Sen. Kevin Cramer (R-N.D.) and Sen. Cynthia Lummis (R-Wyo.) penned a letter to their Senate colleagues on Thursday urging them to pass a bill to avert the impending rail strike without adding paid sick leave to the agreement.
The House on Wednesday passed a bill to avert the rail strike ahead of a Dec. 9 deadline, sending it to the Senate for consideration, and House lawmakers later in the day passed a separate measure that would add seven days of paid sick leave to the contract agreement.
The first vote mimicked a tentative agreement negotiated by the two largest rail unions in September, which includes a 24 percent pay raise over five years, but the second vote sought to aid the multiple other unions that rejected the plan over sick leave provisions.
“Members from four of those twelve unions rejected the deal their own leadership agreed to, again gambling that they would secure a better deal from Congress,” Lummis and Cramer wrote.
“If we were to intervene while granting additional paid leave, a precedent would be set,” the letter continues. “Other unionized employees of regulated industries would likely make that same gamble in the future, rendering Congress the arbiter of these types of labor disputes instead of the National Mediation Board. It is in the best interest of all parties that the railroads, not Congress, work through issues such as paid leave directly with their employees.”
But Lummis and Cramer still voiced support for the Senate to pass the first measure approved by the House, which would avert a strike that would have drastic effects on the U.S. economy.
The nearly century-old Railway Labor Act provides Congress with the authority to intervene in rail labor disputes, a law aimed at preventing disturbances in interstate commerce.
Lummis and Cramer called the ramifications “catastrophic,” noting estimates that a strike could cost the national economy $2 billion per day.
“The ramifications of Congress failing to act would be swift and significant,” they wrote. “Baseload power production would be jeopardized when coal shipments stop, shelves at grocery stores would begin to dwindle once grain and other commodities are unable to reach producers, and nearly every local water system would be in jeopardy of not being able to sanitize our drinking water.”
Most Senate Democrats are expected to support the bill averting the strike, but progressive Sens.
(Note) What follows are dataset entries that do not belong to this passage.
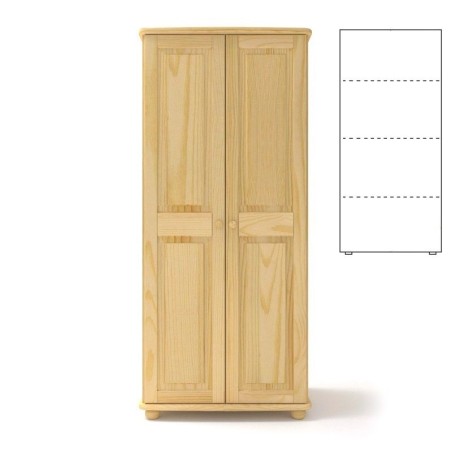 Szafa sosnowa podwójna S2DP 85x190x60 cm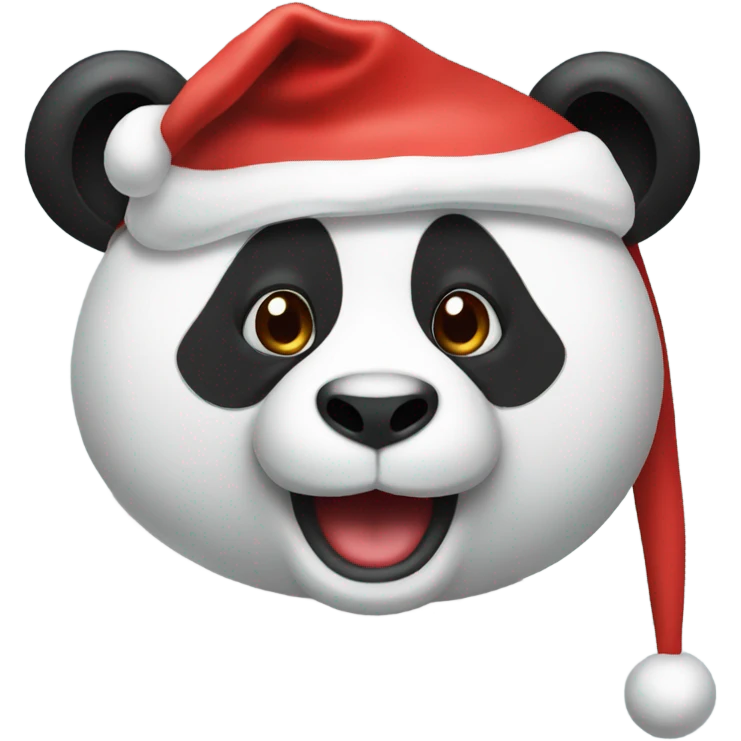 Panda wearing a Santa hat  emoji
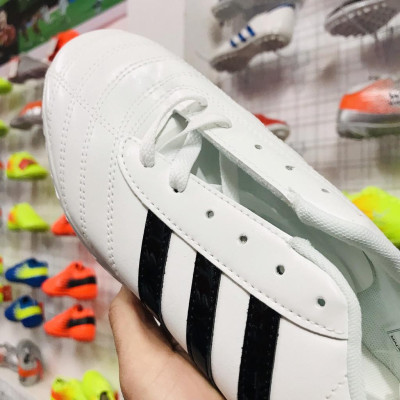Cực phẩm Đôi giày đá banh cao cấp, Giày 3 Sọc Trắng  đá sân cỏ nhân tạo 2022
Bernie Sanders (I-Vt.), Elizabeth Warren (D-Mass.), Ed Markey (D-Mass.) and Jeff Merkley (D-Ore.) have urged the Senate to pass additional sick leave for rail workers.
Sanders has said he will insist upon a vote for adding sick leave, but it remains to be seen how such a vote will be set up or if the progressives would reject the deal without the change.
The bill to avert the strike will need 60 votes in the Senate to overcome the legislative filibuster, meaning Senate Majority Leader Charles Schumer (D-N.Y.) would need at least 10 Republican votes but perhaps more if some in the Democratic conference defect.